Tags: #novela histórica

Laura le ordenó a Magdalena que enviara al doctor Eduardo Wilde a la dirección indicada en la esquela. Deprisa, con el cuarteto de brujas opinando a porfía detrás de ella, dejó la sala y se dirigió a su dormitorio para prepararse. El viejo Eusebio, cochero de toda la vida de los Montes, ya aprestaba los caballos. Media hora más tarde, cruzaban al galope la Plaza de la Victoria rumbo al barrio de San José de Flores.
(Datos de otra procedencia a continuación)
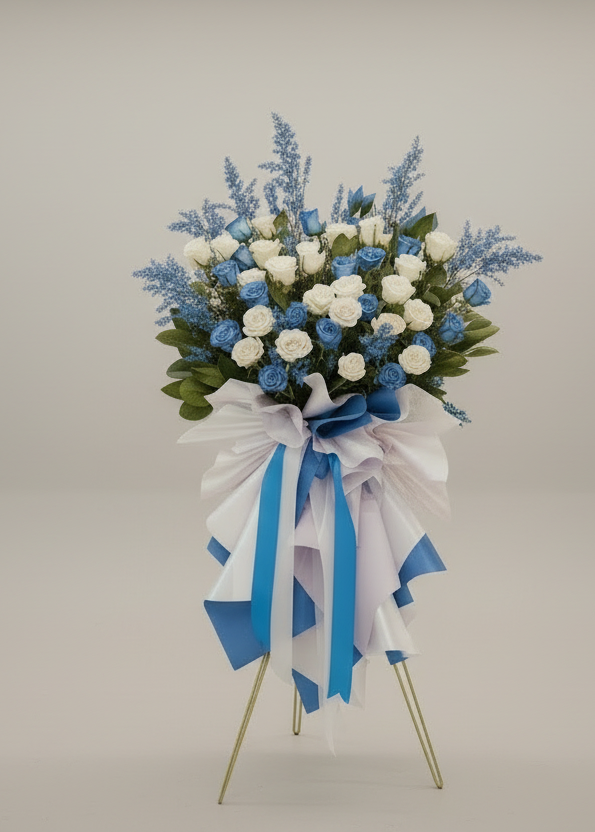 Floral arrangement on a stand with blue and white ribbons against a plain background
La misma Loretana abrió la puerta. Laura apenas movió la cabeza en señal de saludo y entró, con María Pancha a su lado. Loretana las condujo en silencio. Julián yacía en la cama matrimonial de una habitación primorosamente decorada. Laura se acercó a la cabecera y contempló a su esposo detenidamente. Lucía pálido, y la mueca amarga de la boca indicaba que sufría. Se sujetaba el brazo izquierdo a la altura del pecho.

Julián parpadeó lentamente. Le tomó un momento reconocer a su esposa.

—Temí que no vinieras —farfulló, y Laura se sentó en la silla que le acercó Loretana.

—¡Cómo no iba a venir! —dijo en voz baja, compelida por las circunstancias, por el silencio, por la penumbra, por la poca fuerza que manaba del cuerpo de ese hombre al que había considerado invencible.

—Temí que no vinieras —insistió Riglos— porque me odias.

—No te odio —aseguró Laura.

—Sí, me odias. Y para nada cuenta que yo te ame más allá del entendimiento.

Laura percibió que Loretana se movía furtivamente y dejaba la habitación. Julián, ajeno al martirio de su amante, extendió la mano sin esfuerzo, y Laura se la sostuvo. Se contemplaron directamente a los ojos.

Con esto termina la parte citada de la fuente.